Kamis, 23 Januari 2014

KERAJAAN ALLAH HADIR DI TENGAH KEKELAMAN HIDUP

Secara histori-politis orang dapat saja beranggapan bahwa menyingkirnya Yesus ke Galilea (Matius  adalah sebuah upaya menghindar dari tekanan kekuasaan yang berusaha memberangus gerakan moral yang dimotori oleh Yohanes Pembaptis. Yohanes ditangkap penguasa, lantaran ia berani menegur Herodes atas ulah tak bermoral dari sang penguasa itu. Herodes bermaksud menceraikan istrinya lalu berniat mengambil Herodias - yang pada saat itu adalah istri dari Filipus, sudaranya - menjadi istrinya (Matius 14:3). Mau tidak mau orang pada saat itu, akan menilai Yesus simpatisan atau anggota gerakan moral kelompok Yohanes Pembaptis. Mengapa? Sederhana saja, karena Yesus sebelumnya telah menerima baptisan Yohanes. Yesus tidak mengabungkan diri dengan kelompok Zelot, Esseni, Farisi atau Saduki. Pastilah penguasa yang sedang berang itu akan menumpas juga pendukung Yohanes Pembaptis, untuk itulah Yesus melarikan diri ke wilayah Galilea. Namun, dalam pandangan penulis Injil Matius, menyingkirnya Yesus dari Yudea ke Galilea bukanlah masalah politis belaka.  Mengapa? Supaya Yesus mengawali pelayanan-Nya di Galilea! Namun bukankah Galilea merupakan wilayah yang juga dihuni oleh banyak orang-orang asing dan merupakan bagian Israel yang oleh orang Yudea dipertanyakan kemurniannya? Dalam kerangka pikir Matius, awal pelayanan di Galilea ini punya makna tersendiri, yakni penggenapan dari Yesaya 8:23-9:1. Matius mencatat, “Ia meninggalkan Nazaret dan diam di Kapernaum, di tepi danau, di daerah Zebulon dan Naftali supaya genaplah firman yang disampaikan oleh nabi Yesaya: ‘Tanah Zebulon dan tanah Naftali, jalan ke laut, daerah seberang sungai Yordan, Galilea, wilayah bangsa-bangsa lain, bangsa yang diam dalam kegelapan, telah melihat Terang yang besar dan bagi mereka yang diam di negeri yang dianaungi maut, telah terbit Terang.’”(Matius 4:13-16). Di Kapernaun, Yesus memulai karya pelayanan publik-Nya. Yesus melanjutkan seruan pertobatan yang diwartakan Yohanes, “Bertobatlah sebab Kerajaan Surga sudah dekat!” (Matius 3:2; 4:17).

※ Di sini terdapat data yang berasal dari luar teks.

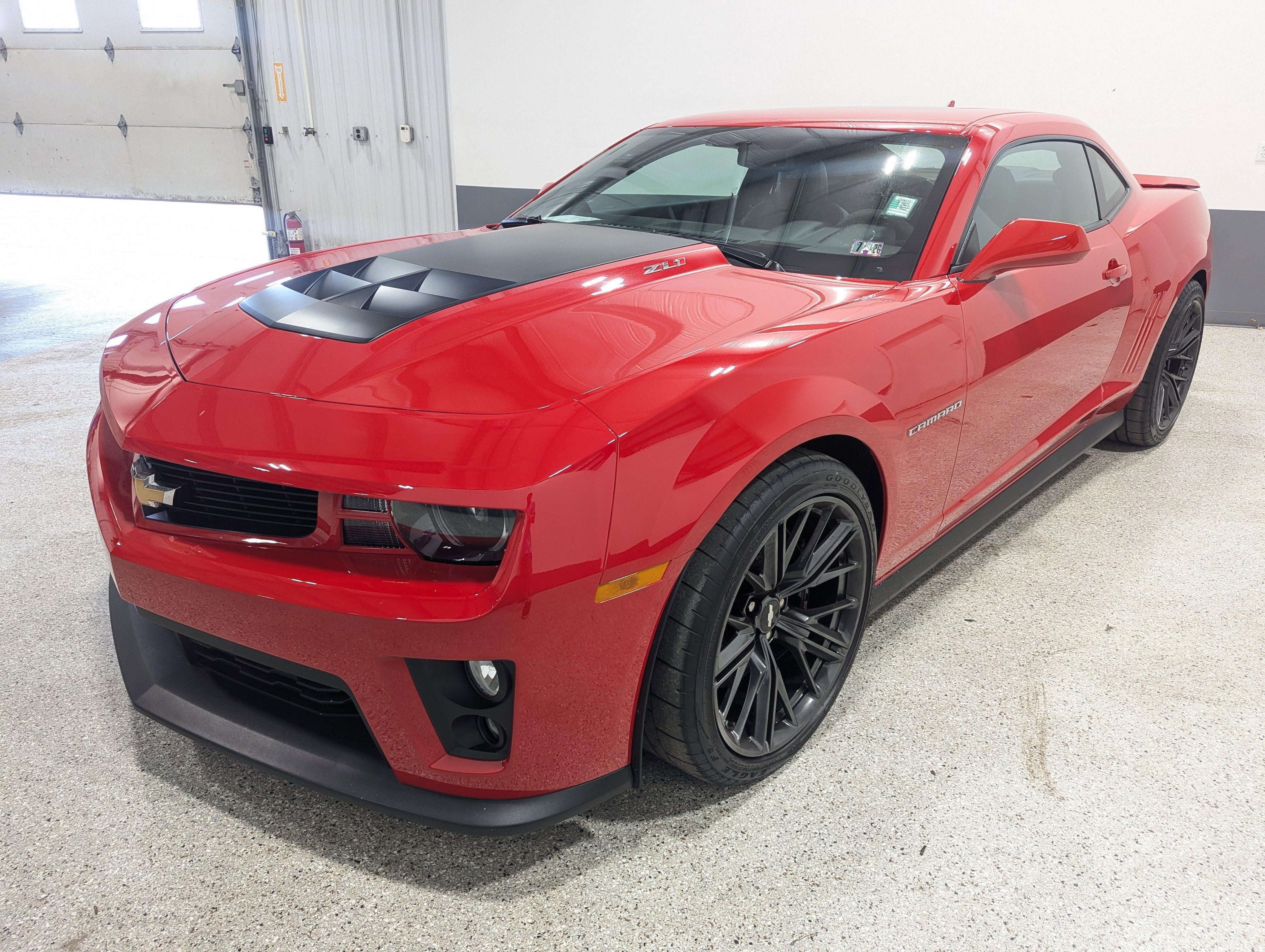 2012 Chevrolet Camaro ZL1
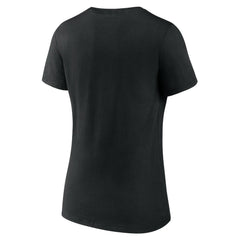 Kansas City Royals Women's City Pride V-Neck T-Shirt Black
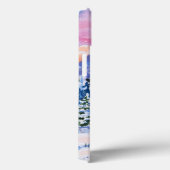 Winterlandschap Case-Mate iPhone Case (Achterkant / Rechts)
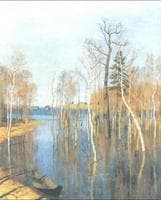 Springtime, high water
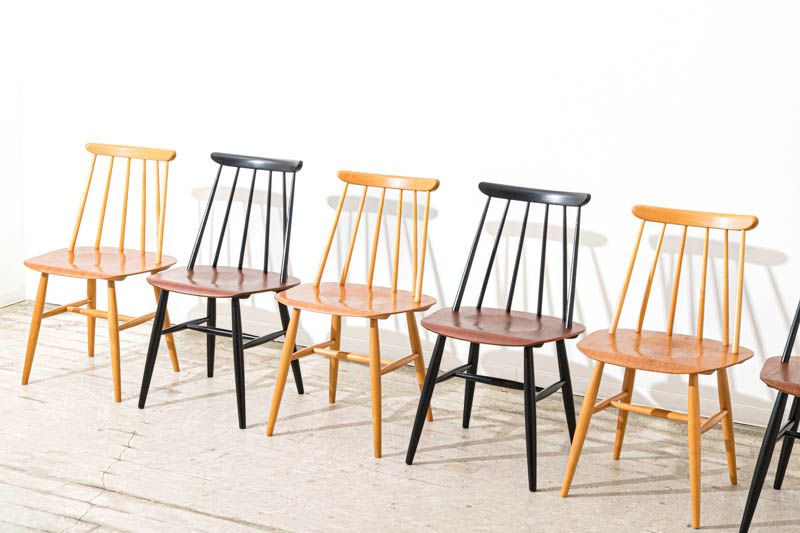 北欧家具　イルマリ・タピオヴァーラ　ファネットチェア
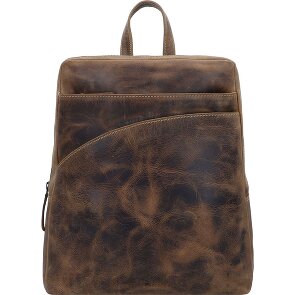 Greenburry Vintage Dagrugzak Leer 34 cm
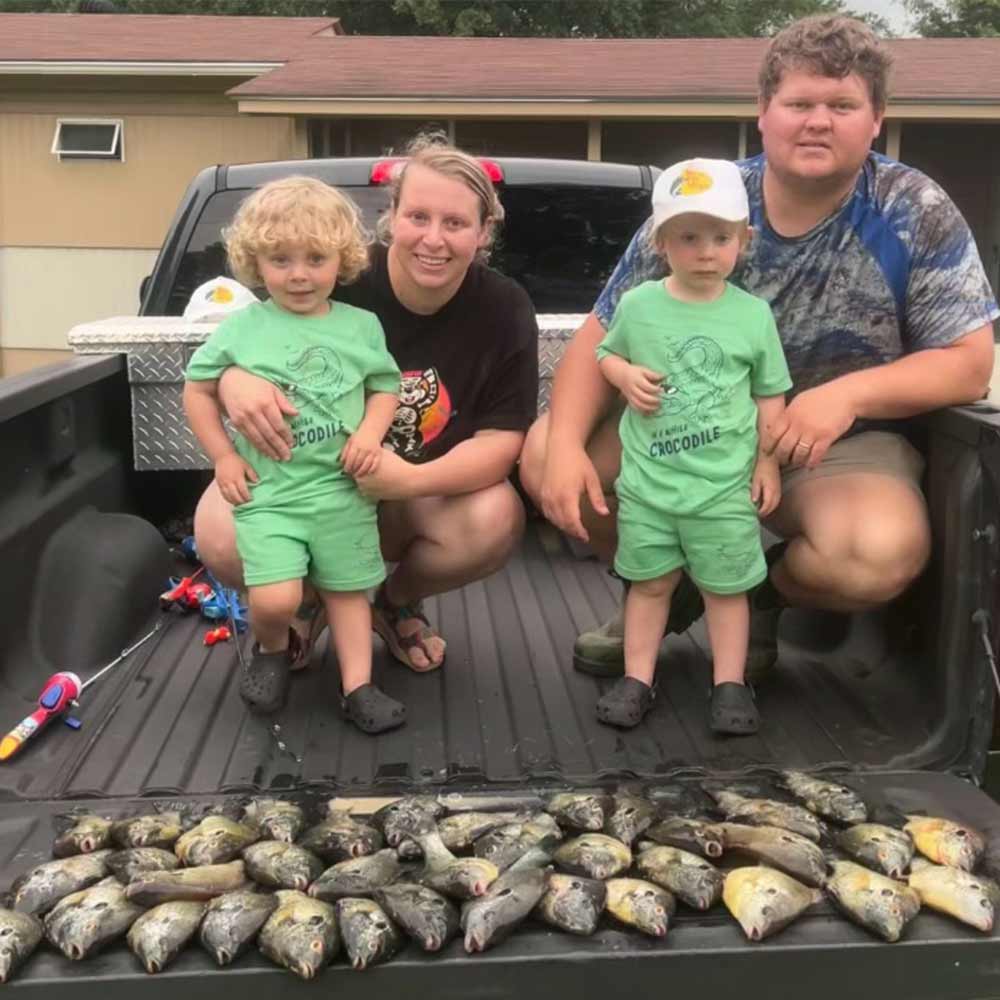 Tyler Matthews and family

Pesan utama dalam hidup dan pelayanan Yesus adalah pewartaan dan pewujudnyataan Kerajaan Allah. Kalau Yohanes Pembaptis menyerukan pertobatan untuk menyambut Kerajaan Allah itu, maka Yesus menyatakan diri-Nya adalah perwujudan dari Kerajaan Allah itu sendiri. Kini, Kerajaan Allah itu bukan lagi urusan masa depan, tetapi sudah ada sekarang. Kehadiran Kerajaan Allah itu bukan dalam bentuk penghakiman dan pemusnahan orang-orang berdosa serta pemulihan kejayaan Israel, melainkan jawaban keberpihakan Allah kepada manusia yang hidup dalam kekelaman. Bela rasa Allah yang membebaskan kini dinyatakan dalam diri Yesus. Kehadiran yang sudah ada sekarang ini mungkin masih tersembunyi, belum jelas, seperti harta yang terpendam (bnd. Matius 13:44) atau benih yang tumbuhnya tidak kelihatan (bnd. Markus 4:26-29). Meskipun demikian, kehadiran itu sungguh nyata. Bentuk perumpamaan yang digunakan dalam pengajaran Yesus dimaksudkan untuk menyadarkan para pendengarnya terhadap kehadiran Kerajaan Allah di tengah-tengah mereka. Ia menyadarkan banyak orang bahwa kehadiran ilahi dapat dijumpai dalam kehidup-Nya sendiri di mana Ia menyapa dan memulihkan orang-orang yang menangis (miskin, buta, lumpuh, kusta, lapar dan sengsara). Membebaskan orang yang dikuasai oleh roh kejahatan dan keserakahan (pendosa, pelacur, pemungut cukai, kerasukan setan). Memulihkan harkat orang-orang kecil (teraniaya, terinjak, terpenjara, berbeban berat, rakyat gembel yang tidak tahu hukum, anak-anak kecil, dan domba-domba yang hilang dari Israel). Yesus menyatakan, “Tetapi jika Aku mengusir setan dengan kuasa Roh Allah, maka sesungguhnya Kerajaan Allah sudah datang kepadamu.”(Matius 12:28).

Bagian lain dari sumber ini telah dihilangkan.